Y yo que pensé que, solo por esa vez, estaría dispuesto a tomar mi lado.

Sentí que la comisura de mis labios se movía, divertida por mi propia tontería, mientras entraba al ascensor y presionaba el botón para cerrar las puertas.

Ese corazón que siempre se negaba a rendirse, por fin se calmó, convirtiéndose en aguas quietas. De alguna manera, ya no me sentía triste.

Mientras las puertas del ascensor se cerraban, dije suavemente:

—Está bien, no te preocupes.

Alex se apresuró hacia el ascensor, tal vez intentando detener el cierre, pero ya era tarde. En la última mirada que le di, creí ver pánico y confusión en sus ojos.

Antes de irme, revisé mi equipaje una última vez.

Al mediodía, Derek me invitó a almorzar para hablar sobre el proyecto de investigación del envenenamiento por plata.

Al salir del restaurante, Ricardo me llamó de repente.
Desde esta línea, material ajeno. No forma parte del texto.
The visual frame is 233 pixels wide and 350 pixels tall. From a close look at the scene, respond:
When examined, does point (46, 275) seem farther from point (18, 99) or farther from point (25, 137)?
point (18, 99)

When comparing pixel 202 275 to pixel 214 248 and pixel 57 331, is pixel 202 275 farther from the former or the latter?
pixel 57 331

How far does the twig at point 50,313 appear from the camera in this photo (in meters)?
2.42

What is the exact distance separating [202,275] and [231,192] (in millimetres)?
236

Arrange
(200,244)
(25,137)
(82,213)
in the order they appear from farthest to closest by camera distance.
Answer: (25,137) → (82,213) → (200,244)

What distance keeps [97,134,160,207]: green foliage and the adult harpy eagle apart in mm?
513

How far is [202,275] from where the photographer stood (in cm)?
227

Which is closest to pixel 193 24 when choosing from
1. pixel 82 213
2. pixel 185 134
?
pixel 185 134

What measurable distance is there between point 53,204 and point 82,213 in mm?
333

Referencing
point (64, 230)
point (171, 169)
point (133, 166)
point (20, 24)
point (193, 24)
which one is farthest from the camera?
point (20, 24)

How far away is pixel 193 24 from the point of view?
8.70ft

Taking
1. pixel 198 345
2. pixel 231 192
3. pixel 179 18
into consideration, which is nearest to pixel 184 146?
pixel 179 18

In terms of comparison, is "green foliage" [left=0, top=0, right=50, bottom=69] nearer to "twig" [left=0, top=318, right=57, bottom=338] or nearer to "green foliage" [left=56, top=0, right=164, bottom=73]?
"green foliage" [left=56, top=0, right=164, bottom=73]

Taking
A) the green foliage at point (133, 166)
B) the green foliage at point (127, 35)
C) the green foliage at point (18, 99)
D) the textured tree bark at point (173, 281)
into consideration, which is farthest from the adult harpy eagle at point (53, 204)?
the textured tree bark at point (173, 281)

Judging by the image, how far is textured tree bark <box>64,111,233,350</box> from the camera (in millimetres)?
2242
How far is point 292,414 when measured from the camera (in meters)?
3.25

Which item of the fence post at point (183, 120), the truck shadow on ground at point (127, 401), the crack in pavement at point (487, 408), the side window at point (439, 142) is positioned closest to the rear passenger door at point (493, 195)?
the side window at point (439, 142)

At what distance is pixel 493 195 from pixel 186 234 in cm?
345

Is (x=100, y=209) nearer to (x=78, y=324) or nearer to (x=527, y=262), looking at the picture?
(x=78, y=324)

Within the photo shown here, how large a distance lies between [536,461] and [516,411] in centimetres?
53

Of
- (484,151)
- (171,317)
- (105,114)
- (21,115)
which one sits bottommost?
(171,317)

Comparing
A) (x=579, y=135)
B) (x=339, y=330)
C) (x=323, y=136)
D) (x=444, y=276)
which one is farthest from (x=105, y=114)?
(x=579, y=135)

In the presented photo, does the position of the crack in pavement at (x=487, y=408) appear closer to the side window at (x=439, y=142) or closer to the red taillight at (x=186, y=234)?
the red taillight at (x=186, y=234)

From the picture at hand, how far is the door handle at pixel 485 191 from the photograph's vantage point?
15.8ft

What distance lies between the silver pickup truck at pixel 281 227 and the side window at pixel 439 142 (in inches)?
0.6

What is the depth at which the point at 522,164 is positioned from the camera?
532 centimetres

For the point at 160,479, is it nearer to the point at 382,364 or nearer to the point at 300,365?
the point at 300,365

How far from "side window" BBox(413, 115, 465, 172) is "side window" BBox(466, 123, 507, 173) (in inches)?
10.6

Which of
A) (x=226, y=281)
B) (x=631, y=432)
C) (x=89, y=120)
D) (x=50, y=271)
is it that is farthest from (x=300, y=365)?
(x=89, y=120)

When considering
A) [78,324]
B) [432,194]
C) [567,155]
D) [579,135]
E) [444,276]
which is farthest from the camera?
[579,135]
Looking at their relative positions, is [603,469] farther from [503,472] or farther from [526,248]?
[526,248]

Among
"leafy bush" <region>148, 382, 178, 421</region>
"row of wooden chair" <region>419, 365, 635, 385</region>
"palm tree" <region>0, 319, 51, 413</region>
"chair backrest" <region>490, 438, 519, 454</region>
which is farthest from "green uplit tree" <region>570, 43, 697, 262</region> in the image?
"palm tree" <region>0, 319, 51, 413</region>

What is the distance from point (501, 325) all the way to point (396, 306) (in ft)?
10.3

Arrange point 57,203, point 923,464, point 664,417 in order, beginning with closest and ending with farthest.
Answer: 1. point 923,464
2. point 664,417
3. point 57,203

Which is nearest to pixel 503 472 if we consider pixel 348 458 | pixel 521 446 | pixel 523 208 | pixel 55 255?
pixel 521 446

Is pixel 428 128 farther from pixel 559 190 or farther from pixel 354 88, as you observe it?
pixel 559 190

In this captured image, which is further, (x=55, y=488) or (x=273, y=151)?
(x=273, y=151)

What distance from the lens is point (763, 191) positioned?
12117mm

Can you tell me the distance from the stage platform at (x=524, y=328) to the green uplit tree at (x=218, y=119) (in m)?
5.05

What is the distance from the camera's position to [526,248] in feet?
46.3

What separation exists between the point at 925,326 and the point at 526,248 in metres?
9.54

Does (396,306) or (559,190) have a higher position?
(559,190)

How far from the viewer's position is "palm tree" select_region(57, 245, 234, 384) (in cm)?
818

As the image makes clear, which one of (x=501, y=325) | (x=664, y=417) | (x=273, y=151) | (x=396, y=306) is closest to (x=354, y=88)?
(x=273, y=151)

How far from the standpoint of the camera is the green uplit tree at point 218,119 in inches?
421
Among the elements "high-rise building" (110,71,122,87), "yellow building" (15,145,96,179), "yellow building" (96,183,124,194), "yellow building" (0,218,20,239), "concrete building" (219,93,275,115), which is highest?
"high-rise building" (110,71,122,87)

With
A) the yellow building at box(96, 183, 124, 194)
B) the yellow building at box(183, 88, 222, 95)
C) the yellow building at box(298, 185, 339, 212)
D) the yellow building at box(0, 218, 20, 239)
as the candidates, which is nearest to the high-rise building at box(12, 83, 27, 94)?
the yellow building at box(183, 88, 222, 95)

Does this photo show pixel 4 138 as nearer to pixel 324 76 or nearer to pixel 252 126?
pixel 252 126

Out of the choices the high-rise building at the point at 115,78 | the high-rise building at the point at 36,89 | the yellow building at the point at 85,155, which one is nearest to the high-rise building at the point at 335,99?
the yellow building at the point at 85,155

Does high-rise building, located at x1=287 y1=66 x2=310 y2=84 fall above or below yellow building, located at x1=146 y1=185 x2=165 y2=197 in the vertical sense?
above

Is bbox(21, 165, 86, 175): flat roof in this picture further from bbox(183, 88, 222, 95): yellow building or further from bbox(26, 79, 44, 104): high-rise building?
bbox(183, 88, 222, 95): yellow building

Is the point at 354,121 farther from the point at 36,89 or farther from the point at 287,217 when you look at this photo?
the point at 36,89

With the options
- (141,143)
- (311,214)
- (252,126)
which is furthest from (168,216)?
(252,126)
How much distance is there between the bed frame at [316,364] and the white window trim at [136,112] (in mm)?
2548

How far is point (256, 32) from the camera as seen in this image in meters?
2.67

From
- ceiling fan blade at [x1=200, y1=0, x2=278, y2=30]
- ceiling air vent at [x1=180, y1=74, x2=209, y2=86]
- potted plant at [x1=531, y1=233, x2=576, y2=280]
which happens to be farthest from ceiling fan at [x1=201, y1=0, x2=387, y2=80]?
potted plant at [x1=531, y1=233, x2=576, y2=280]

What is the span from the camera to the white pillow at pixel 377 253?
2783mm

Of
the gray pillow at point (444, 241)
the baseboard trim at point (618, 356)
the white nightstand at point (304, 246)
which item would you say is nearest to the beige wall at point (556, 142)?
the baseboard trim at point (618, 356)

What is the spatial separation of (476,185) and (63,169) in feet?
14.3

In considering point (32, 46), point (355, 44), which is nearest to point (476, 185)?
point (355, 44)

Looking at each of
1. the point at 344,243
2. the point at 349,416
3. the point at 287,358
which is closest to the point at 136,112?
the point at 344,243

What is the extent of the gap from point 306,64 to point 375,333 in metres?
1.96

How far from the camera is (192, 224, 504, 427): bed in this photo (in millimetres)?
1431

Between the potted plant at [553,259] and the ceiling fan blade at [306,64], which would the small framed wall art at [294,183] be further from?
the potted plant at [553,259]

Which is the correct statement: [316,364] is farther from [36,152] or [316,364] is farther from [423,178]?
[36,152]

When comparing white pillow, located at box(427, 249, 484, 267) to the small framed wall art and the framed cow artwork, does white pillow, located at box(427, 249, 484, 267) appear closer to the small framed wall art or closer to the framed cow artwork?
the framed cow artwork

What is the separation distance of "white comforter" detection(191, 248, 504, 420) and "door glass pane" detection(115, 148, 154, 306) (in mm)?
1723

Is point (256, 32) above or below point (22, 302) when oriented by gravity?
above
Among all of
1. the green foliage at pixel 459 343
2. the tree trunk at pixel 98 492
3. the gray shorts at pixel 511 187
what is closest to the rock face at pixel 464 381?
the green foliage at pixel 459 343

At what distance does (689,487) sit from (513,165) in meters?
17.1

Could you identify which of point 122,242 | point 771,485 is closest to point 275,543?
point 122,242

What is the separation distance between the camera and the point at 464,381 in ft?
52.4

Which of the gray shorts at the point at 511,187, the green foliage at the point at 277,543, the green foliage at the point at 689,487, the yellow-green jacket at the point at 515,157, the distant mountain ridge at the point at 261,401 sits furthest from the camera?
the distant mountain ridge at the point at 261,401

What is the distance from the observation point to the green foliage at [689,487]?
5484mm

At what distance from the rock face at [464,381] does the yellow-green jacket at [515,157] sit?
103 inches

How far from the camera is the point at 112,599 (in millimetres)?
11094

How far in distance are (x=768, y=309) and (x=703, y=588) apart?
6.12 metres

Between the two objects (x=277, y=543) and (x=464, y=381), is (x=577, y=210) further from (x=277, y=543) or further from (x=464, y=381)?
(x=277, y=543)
Contesté, pero él guardó silencio un largo momento.

Pensando que podría haber llamado por accidente, estuve a punto de colgar cuando finalmente preguntó:

—¿Cuándo vuelves a casa?

Me quedé atónita y no pude evitar preguntarme si en realidad no habría querido llamar a Wendy. Aun así, respondí:

—He estado ocupada en la escuela últimamente, así que no volveré.

—¿Ni siquiera esta noche? —insistió él.

No entendí su repentino interés, pero inventé una excusa:

—Tengo planes con unos compañeros esta noche.

Dicho esto, siguió otro largo silencio.

—Hoy es el cumpleaños de Alex y el mío —continuó torpemente, después de un rato.

Me quedé sin palabras por un momento.

Durante muchos años, era yo quien planeaba sus cumpleaños, les compraba pasteles, reservaba lugares, y elegía sus regalos con meses de anticipación. Pero ese año...

Sin embargo, antes de que pudiera reaccionar Derek tomó mi teléfono y dijo:

—Ámbar preparó regalos de cumpleaños para ustedes dos, los verán cuando lleguen a casa.

Miré a Derek sorprendida, y él me guiñó un ojo. Luego me explicó que había enviado a Alex y Ricardo un paquete con mi carta de aceptación en el proyecto de aislamiento de quince años, junto con unas grabaciones de la directora del orfanato confirmando el fraude de la identidad de Wendy.

Reí suavemente y negué con la cabeza. Si lo creían o no, ya no me importaba.

Tomé mi maleta ya empacada y reservé el próximo vuelo disponible, antes de salir de la escuela y dirigirme al aeropuerto con Derek.

Mientras el avión ascendía a treinta mil pies, toda la Ciudad del Norte desaparecía poco a poco de mi vista.